> **EXERCISE DESCRIPTION**
Go to the line with "AlphaRex 21-22 Ford" in the entries below and write out every line from there through the line with "Набор статуэтка слоника", exactly and without pictures.

> **DATASET EXTRACT**
• • • •

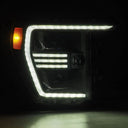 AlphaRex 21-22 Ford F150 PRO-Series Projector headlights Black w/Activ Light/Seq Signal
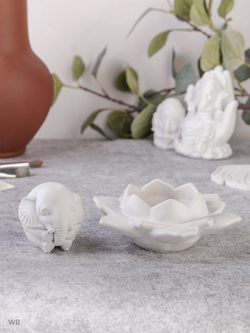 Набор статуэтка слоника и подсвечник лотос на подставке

• • • •

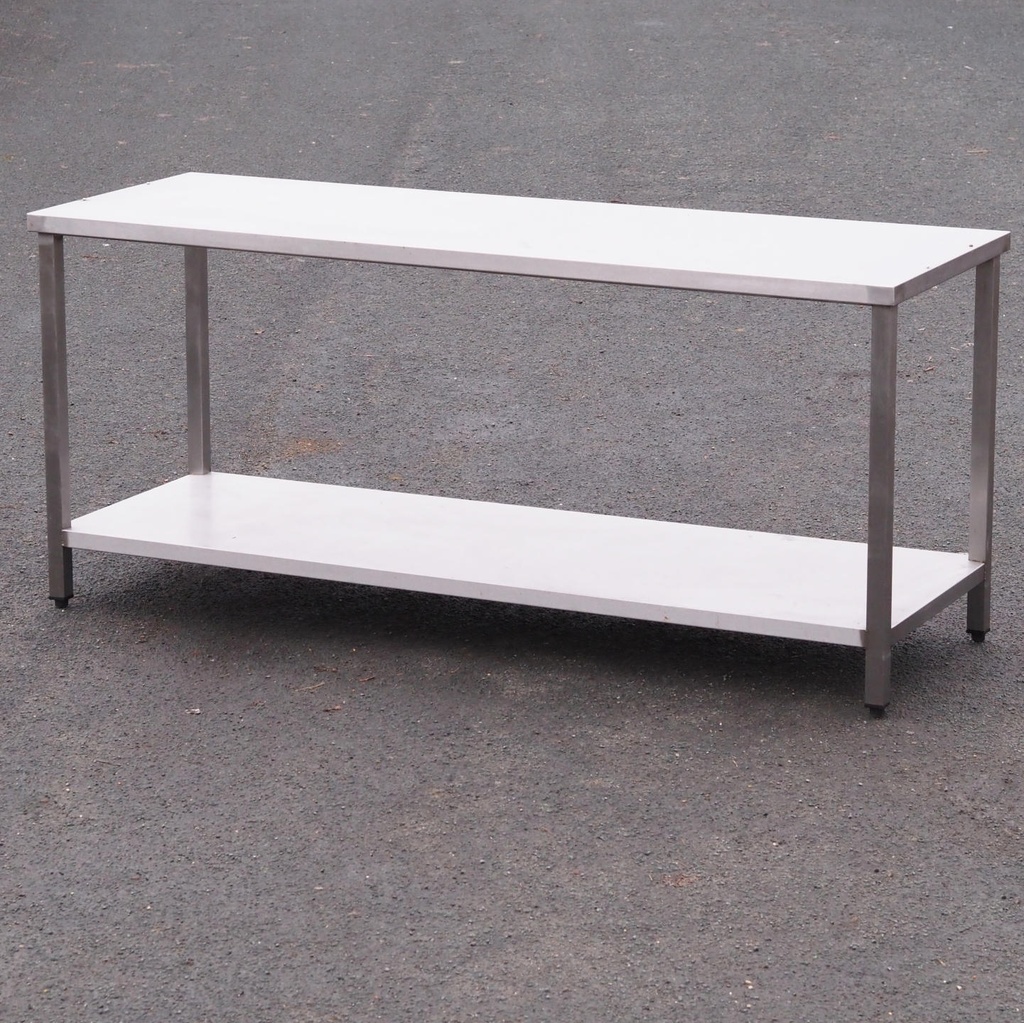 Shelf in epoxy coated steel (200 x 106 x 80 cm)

• • • •

> **SOLVED PROBLEM**
 AlphaRex 21-22 Ford F150 PRO-Series Projector headlights Black w/Activ Light/Seq Signal
 Набор статуэтка слоника и подсвечник лотос на подставке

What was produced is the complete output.